Water blocks occur when large quantities of water enter a low-pressure formation and decrease the relative permeability of oil/gas1–6. A significant decline in productivity can occur due to this phenomenon. Loss of water to the formation can occur during drilling, completion, matrix stimulation, fracturing and other operations that use large amounts of water. A similar phenomenon is also observed in gas condensate reservoirs when the bottomhole pressure is lower than the dew point pressure. In this case, the liquid condensate that drops out of the gas phase near the wellbore region blocks the flow of gas7–15.

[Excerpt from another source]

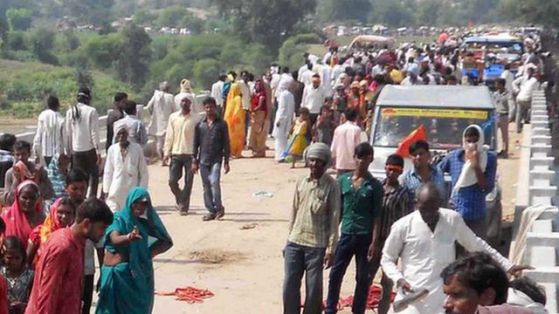 Десетки загинаха по време на хиндуистки фестивал в Индия, Снимка: BBC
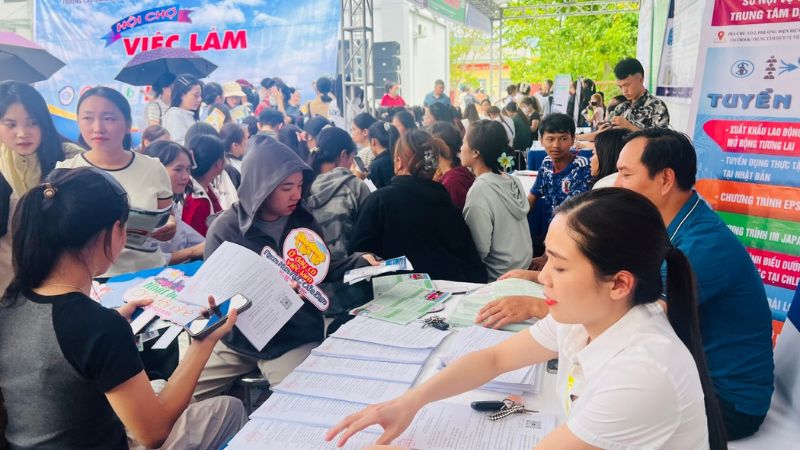 Hội chợ việc làm do trung tâm giới thiệu việc làm Điện Biên tổ chức (Nguồn: Sở Nội vụ Điện Biên)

Water can be trapped in the formation because of high capillary pressure or viscous fingering of gas through the water. In addition, several other factors such as reservoir heterogeneity, the presence of water sensitive clays, wettability of the formation etc can aid in the trapping of water in the formation. During the production phase, gas displaces the water trapped near the well bore or the fracture face and in the process fingers through the region of high water saturation. The amount of water displaced depends on the drawdown and the capillary pressure of the formation. If the drawdown is low, experiments in low permeability water-wet cores (high capillary pressure) show that greater than 90% of the injected water can be trapped in the formation. After the gas breaks through the water, the remaining water is primarily removed from the formation due to evaporation. The rate of evaporation is dependent on the gas flow rate and can take very long if the flow rate is low 4,16–19.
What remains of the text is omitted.